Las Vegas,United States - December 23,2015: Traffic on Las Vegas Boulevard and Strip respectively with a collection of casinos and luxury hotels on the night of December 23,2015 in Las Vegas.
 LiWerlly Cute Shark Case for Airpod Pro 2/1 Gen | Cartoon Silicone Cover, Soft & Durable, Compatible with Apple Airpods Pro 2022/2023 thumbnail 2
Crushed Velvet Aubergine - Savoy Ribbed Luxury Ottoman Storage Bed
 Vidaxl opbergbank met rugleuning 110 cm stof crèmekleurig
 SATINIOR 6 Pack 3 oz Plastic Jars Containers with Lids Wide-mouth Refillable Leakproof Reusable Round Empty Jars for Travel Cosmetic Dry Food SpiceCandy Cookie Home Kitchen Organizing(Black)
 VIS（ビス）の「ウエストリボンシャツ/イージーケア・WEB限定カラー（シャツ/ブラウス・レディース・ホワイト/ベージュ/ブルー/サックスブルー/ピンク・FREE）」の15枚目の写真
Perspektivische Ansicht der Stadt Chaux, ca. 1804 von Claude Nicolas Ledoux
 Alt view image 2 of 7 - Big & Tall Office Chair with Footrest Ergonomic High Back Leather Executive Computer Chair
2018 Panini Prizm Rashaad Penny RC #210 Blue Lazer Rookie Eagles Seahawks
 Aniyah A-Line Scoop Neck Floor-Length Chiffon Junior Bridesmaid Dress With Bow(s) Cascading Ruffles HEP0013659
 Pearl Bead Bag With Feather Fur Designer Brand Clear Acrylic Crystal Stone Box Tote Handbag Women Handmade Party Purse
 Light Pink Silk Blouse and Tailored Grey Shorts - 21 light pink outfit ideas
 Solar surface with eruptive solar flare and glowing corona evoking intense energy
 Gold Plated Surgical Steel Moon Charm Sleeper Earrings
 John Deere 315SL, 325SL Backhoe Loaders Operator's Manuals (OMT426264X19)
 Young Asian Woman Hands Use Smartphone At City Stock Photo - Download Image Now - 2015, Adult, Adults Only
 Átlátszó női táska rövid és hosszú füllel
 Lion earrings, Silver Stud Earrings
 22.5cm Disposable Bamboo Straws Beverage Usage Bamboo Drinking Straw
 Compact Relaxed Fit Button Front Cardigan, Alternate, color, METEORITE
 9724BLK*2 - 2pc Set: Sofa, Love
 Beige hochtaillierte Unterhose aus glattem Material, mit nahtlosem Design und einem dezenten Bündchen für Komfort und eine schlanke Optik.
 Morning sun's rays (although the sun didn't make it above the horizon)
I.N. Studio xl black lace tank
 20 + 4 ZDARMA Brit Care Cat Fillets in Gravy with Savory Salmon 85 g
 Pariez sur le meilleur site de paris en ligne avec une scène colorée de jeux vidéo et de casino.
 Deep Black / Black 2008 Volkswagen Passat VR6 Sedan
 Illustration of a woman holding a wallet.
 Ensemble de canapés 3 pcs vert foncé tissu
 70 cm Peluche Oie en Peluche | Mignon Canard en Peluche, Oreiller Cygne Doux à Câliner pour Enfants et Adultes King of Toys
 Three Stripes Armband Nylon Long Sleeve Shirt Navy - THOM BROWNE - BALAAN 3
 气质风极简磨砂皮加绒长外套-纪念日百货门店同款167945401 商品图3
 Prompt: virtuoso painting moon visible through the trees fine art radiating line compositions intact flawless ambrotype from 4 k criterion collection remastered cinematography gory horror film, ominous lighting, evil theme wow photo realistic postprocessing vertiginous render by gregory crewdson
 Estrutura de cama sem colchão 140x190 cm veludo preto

* **EXERCISE OBJECTIVE**
The required answer is the exact run of lines above starting at the line with "Vidaxl opbergbank met" and ending at the line with "22.5cm Disposable Bamboo", with both ends present.

* **TASK SOLUTION**
 Vidaxl opbergbank met rugleuning 110 cm stof crèmekleurig
 SATINIOR 6 Pack 3 oz Plastic Jars Containers with Lids Wide-mouth Refillable Leakproof Reusable Round Empty Jars for Travel Cosmetic Dry Food SpiceCandy Cookie Home Kitchen Organizing(Black)
 VIS（ビス）の「ウエストリボンシャツ/イージーケア・WEB限定カラー（シャツ/ブラウス・レディース・ホワイト/ベージュ/ブルー/サックスブルー/ピンク・FREE）」の15枚目の写真
Perspektivische Ansicht der Stadt Chaux, ca. 1804 von Claude Nicolas Ledoux
 Alt view image 2 of 7 - Big & Tall Office Chair with Footrest Ergonomic High Back Leather Executive Computer Chair
2018 Panini Prizm Rashaad Penny RC #210 Blue Lazer Rookie Eagles Seahawks
 Aniyah A-Line Scoop Neck Floor-Length Chiffon Junior Bridesmaid Dress With Bow(s) Cascading Ruffles HEP0013659
 Pearl Bead Bag With Feather Fur Designer Brand Clear Acrylic Crystal Stone Box Tote Handbag Women Handmade Party Purse
 Light Pink Silk Blouse and Tailored Grey Shorts - 21 light pink outfit ideas
 Solar surface with eruptive solar flare and glowing corona evoking intense energy
 Gold Plated Surgical Steel Moon Charm Sleeper Earrings
 John Deere 315SL, 325SL Backhoe Loaders Operator's Manuals (OMT426264X19)
 Young Asian Woman Hands Use Smartphone At City Stock Photo - Download Image Now - 2015, Adult, Adults Only
 Átlátszó női táska rövid és hosszú füllel
 Lion earrings, Silver Stud Earrings
 22.5cm Disposable Bamboo Straws Beverage Usage Bamboo Drinking Straw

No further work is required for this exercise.